Return the complete listing exactly as it reads, with each picture removed.

## Provided data
Segment Open

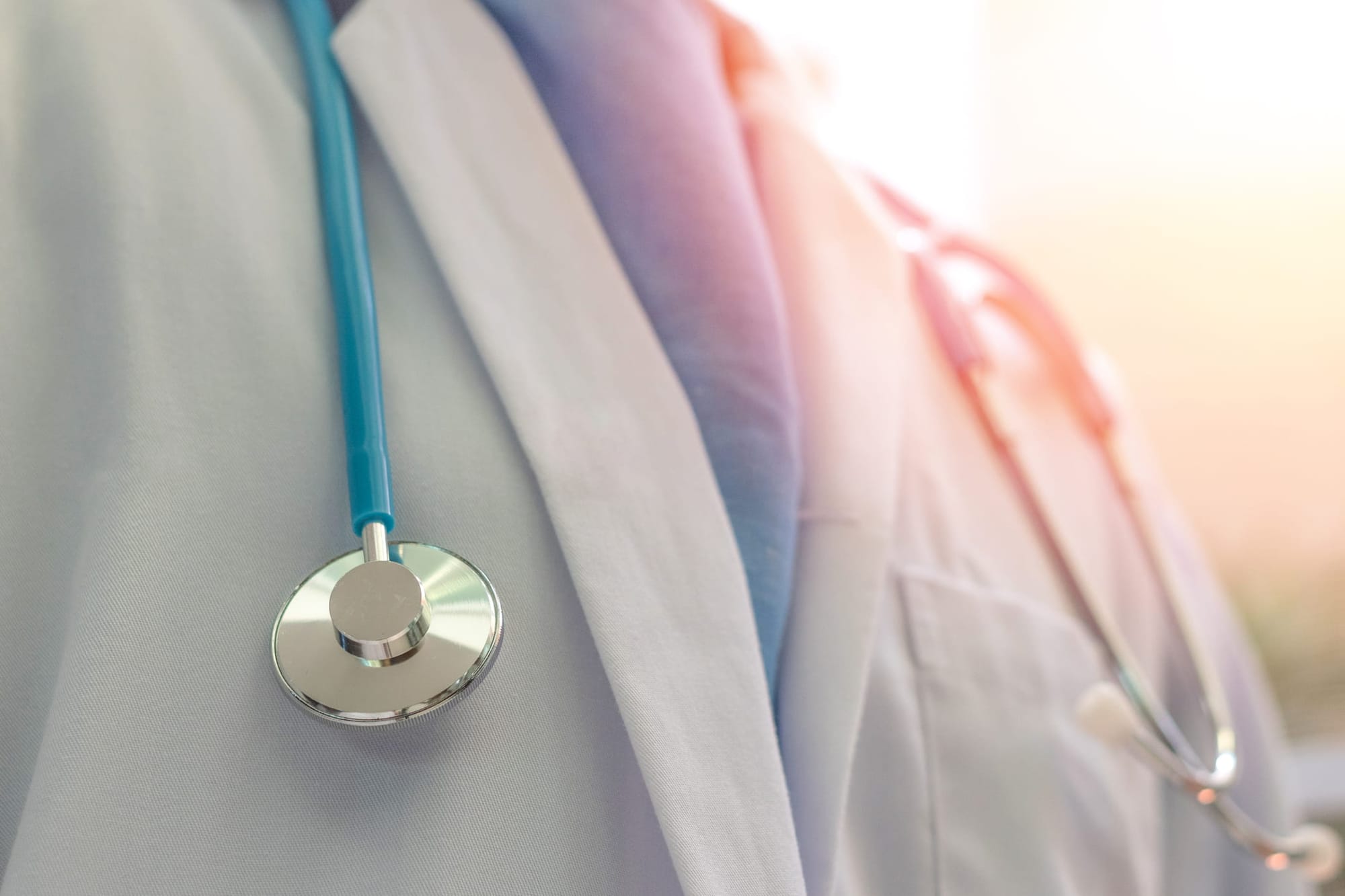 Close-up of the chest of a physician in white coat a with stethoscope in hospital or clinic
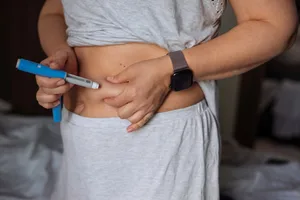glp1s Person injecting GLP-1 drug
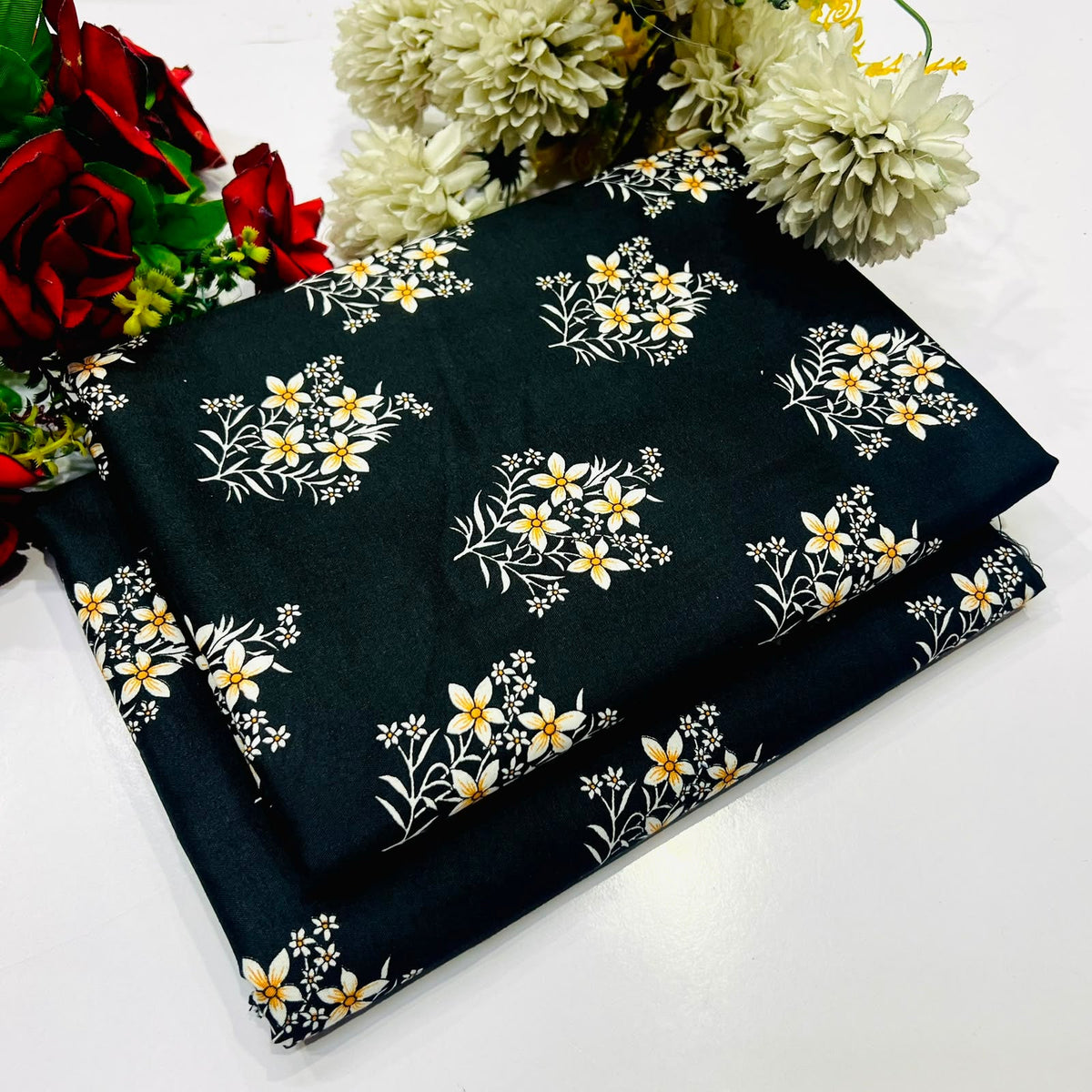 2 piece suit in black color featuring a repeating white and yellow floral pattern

Segment Closed

## Output
 Close-up of the chest of a physician in white coat a with stethoscope in hospital or clinic
glp1s Person injecting GLP-1 drug
 2 piece suit in black color featuring a repeating white and yellow floral pattern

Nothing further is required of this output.